A primeira escola para a educação de pessoas com cegueira teve início na França em 1784, fundada por Valentin Hauy, com o nome de Instituto Real dos Jovens Cegos. Anos mais tarde, em 1825, o aluno do instituto, chamado Louis Braille, lançou seu sistema em relevo para a escrita e leitura de materiais impressos (56).

No Brasil, teve início a abertura de instituições para o atendimento de pessoas com deficiências de ordem física, mental e sensorial, principalmente, nos estados de São Paulo, Minas Gerais e Rio de Janeiro (4). A primeira escola para educação de cegos foi fundada no Rio de Janeiro, por D. Pedro II em 1854, chamado Imperial Instituto dos Meninos Cegos, mais tarde, chamado de Instituto Benjamin Constant, onde ainda foram criadas as Classes de Conservação de Visão para alunos com baixa visão. Essas classes contavam com recursos de auxílio aos alunos, com o objetivo, na época, de que não houvesse desgaste da visão que ainda possuíam (56). Assim,

Até meados do século XX, a maioria das crianças com deficiência visual estudava em escolas residenciais e os professores ensinavam Braille para todos os alunos, indiferentemente de possuírem ou não algum resíduo visual. Havia os ambientes de “conservação da visão”, pois até a década de 1930 os oftalmologistas acreditavam que para evitar a perda da visão residual, essas crianças deveriam ficar em salas escurecidas. (Chou, 2010)

Em 1928, no estado de São Paulo, deu início o atendimento especializado na área da deficiência visual com a Escola Profissional para Cegos, mais tarde chamada de Instituto Padre Chico. Seus propósitos eram a educação básica, a formação profissional e a integração da pessoa com cegueira na sociedade (56).

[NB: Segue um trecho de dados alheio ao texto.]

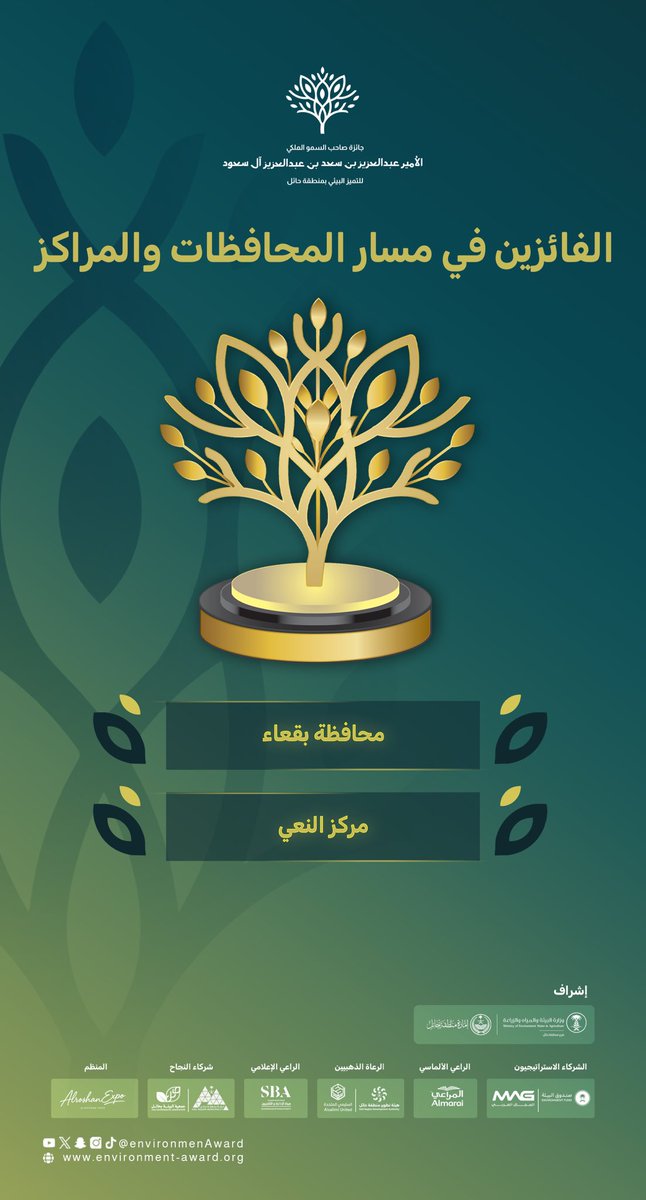 نبارك للفائزين في مسار المحافظات والمراكز بـ #جائزة_أمير_حائل_للتميز_البيئي  

🎖️محافظة بقعاء
🎖️مركز النعي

Apenas em 1950 e 1957, respectivamente, em São Paulo e Rio de Janeiro, o ensino de pessoas com deficiência visual passou a ser realizado de forma integrada em escolas regulares (56)

. Tais mudanças no ensino à pessoa com deficiência visual foram influenciadas, significativamente, a partir do trabalho da educadora Natalie Barraga, que desde a década de 1960 nos Estados Unidos, passou a desenvolver pesquisas para aprimorar a qualidade do ensino às crianças com deficiência visual (33).

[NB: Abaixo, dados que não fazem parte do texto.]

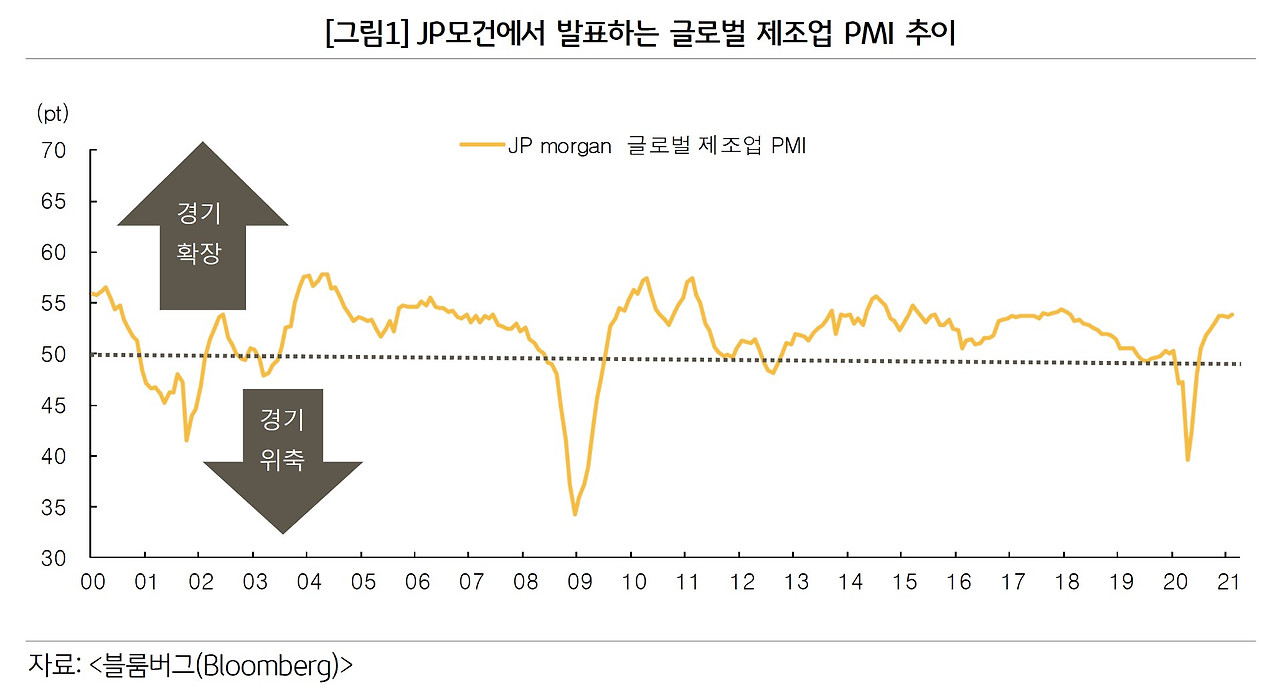 주식 바닥을 확인할 수 있는 신호 3가지 8 ywAAAAAAQABAAACAUwAOw==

O século XXI representa o período da luta pela educação inclusiva em escolas regulares, através da elaboração e divulgação de políticas, programas e documentos inclusivos. A inclusão da pessoa com deficiência, ainda hoje, é discutida e representa um desafio para profissionais educadores e sociedade, pela presença de inúmeros obstáculos

estruturais, de formação e culturais (58). Gasparetto (2010) (58) ainda aponta como um desafio no processo de inclusão escolar a desigualdade como tem se mostrado, devido à diversidade socioeconômica e cultural, além do escasso apoio técnico oferecido aos professores, evidenciando uma dificuldade na articulação saúde-educação. Corsi (2010) (59) pontua a responsabilidade de toda a sociedade frente à inclusão da pessoa com deficiência no sistema educacional, incluindo a colaboração e o envolvimento direto dos familiares da pessoa com deficiência, e a necessidade de se construir um modelo de ensino que seja centrado no aluno, em todas as suas particularidades e necessidades, apresentando ele deficiência ou não. Segundo a autora (59), a inclusão do aluno com deficiência nas escolas regulares ainda mostra- se em plena construção, dependente não somente de leis, mas principalmente de atitudes inclusivas.

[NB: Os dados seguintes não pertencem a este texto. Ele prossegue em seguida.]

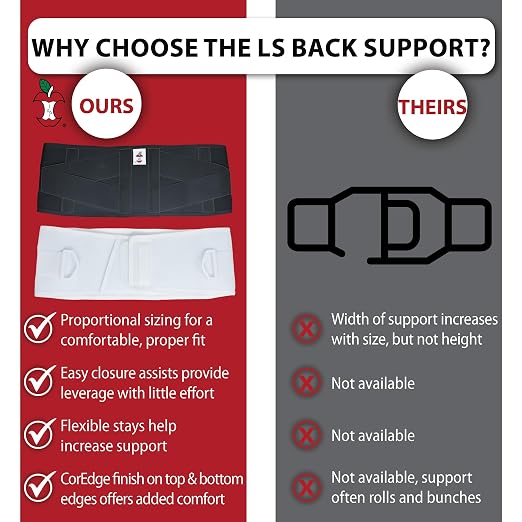 CorFit Back Brace for Lower Back Pain Relief & Lumbar Support Belt, WH, 3XL | CorFit's patented proportional sizing and dual pulls deliver customized compression, posture support, and spinal stability.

Inúmeras lacunas e obstáculos ainda devem ser superados, como os desafios à inserção ao trabalho, com ações no combate ao desemprego e ações voltadas à garantia a lei de cotas; ampliação e manutenção dos benefícios legais da pessoa com deficiência, nas áreas de transporte, previdência, tributário, educação inclusiva, trabalho em serviços públicos e privados, eleitoral, judiciário, acessibilidade, saúde, lazer, cultura. Muitos avanços ainda devem ocorrer para que a pessoa com deficiência visual tenha pleno acesso aos seus direitos. Para que possam ser realizadas ações nessas áreas, inicialmente, deve-se conhecer suas necessidades.